I never used this tool, I only saw it and was enthusiastic about it 🙂
I am very interested in the way to create this kind of rig. I am also dealing with archaeological stuff, and it could be usefull to record in a more easier way dolmens for instance if we can add some spotlight to the rig.
Thank you for your comment, Meshroom is a great suggestion!
I have some previous experience with that software, e.g. this collection from a couple of years ago on my Sketchfab: https://skfb.ly/6Wn8C . More recently I have casually tried out Meshroom on a few occasions, but the processing times for both the SfM and MVS stages seems to be exceptionally long when compared to commercially available software – however, I have yet to take a deep dive into Meshroom to find the fastest and/or most efficient settings, so I cannot speak of its comparative performance with absolute certainty.

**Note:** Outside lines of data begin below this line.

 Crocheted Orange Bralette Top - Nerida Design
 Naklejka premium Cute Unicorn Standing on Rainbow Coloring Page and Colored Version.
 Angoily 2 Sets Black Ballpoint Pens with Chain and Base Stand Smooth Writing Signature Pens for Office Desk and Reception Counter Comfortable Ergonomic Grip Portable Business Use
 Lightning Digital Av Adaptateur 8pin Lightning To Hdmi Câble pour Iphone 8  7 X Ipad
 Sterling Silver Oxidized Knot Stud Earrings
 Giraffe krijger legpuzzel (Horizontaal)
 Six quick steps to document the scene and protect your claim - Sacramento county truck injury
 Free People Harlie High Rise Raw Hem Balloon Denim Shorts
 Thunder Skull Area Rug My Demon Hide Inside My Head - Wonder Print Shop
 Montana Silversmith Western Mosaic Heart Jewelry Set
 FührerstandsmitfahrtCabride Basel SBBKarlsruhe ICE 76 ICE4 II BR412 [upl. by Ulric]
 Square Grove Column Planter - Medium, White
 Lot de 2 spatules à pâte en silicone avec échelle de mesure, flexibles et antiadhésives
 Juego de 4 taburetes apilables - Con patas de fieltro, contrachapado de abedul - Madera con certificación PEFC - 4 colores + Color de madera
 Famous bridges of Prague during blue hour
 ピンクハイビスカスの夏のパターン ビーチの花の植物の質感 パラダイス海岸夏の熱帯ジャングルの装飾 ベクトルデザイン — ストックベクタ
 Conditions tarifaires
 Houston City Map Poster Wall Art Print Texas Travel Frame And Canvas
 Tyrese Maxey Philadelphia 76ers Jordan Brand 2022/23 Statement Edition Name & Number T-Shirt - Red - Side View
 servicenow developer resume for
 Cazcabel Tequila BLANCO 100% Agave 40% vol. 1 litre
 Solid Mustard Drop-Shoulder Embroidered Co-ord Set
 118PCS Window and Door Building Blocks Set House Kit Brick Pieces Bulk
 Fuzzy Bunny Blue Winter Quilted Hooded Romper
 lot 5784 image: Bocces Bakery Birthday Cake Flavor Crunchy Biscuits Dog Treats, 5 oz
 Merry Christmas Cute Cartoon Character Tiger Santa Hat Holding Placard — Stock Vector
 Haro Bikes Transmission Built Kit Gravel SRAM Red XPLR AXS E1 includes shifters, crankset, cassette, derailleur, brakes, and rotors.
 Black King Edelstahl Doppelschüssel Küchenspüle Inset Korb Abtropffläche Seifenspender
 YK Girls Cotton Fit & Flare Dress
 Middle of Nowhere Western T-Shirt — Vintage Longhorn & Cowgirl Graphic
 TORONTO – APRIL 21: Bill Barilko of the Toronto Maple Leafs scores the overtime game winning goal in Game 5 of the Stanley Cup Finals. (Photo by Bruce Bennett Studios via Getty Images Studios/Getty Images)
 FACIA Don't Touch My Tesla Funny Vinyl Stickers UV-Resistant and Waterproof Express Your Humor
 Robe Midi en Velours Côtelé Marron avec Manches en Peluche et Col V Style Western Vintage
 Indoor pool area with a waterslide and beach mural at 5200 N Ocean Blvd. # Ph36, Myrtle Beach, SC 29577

That is exciting to hear about the “live reconstruction” option, it sounds like a useful tool.
That is interesting to hear about your archaeological subjects – I am sure you would be able to design a rig with an integrated light source, whether that light was continuously emitting, or only emitting prior to or simultaneous with photo capture, and if the emitting illumination was of a specific type for any reason (UV/infrared/’regular’). No doubt the Pi and Photogrammetry community would have great interest in such a rig, if you proceeded with that I and others would look forward to seeing and hearing how it goes!
I’m interested to know how the data set was scaled/coordinated.
For scaling, the 3D model was cross-referenced with copyright-expired Ordnance Survey map data (e.g. https://maps.nls.uk/geo/explore/print/#zoom=18&lat=56.46167&lon=-2.97240&layers=170&b=3). This, in conjunction with eyeballing (i.e. guessing) the levelling of the model with reference to parts within that should be inherently level (e.g. the perimeter wall). So in other words, the scaling/coordinating was not terribly accurate, or at least, in its present form the workflow has room for significant inadvertent errors.
A simple way of rectifying this would be to record position data (latitude longitude altitude) for at least 3 evenly spread points in the area under reconstruction, e.g. for this Dundee Howff area, north gate, south-west gate, south-east corner. Then (assuming the validity and integrity of the 3D model in itself) coordinate the 3D model with reference to those points.
Alternatively, recording position data for each photo captured via e.g. the integration of a GPS or GNSS module into the rig, is the type of data that could be directly used by the photogrammetry software to produce a model that was georeferenced from the start.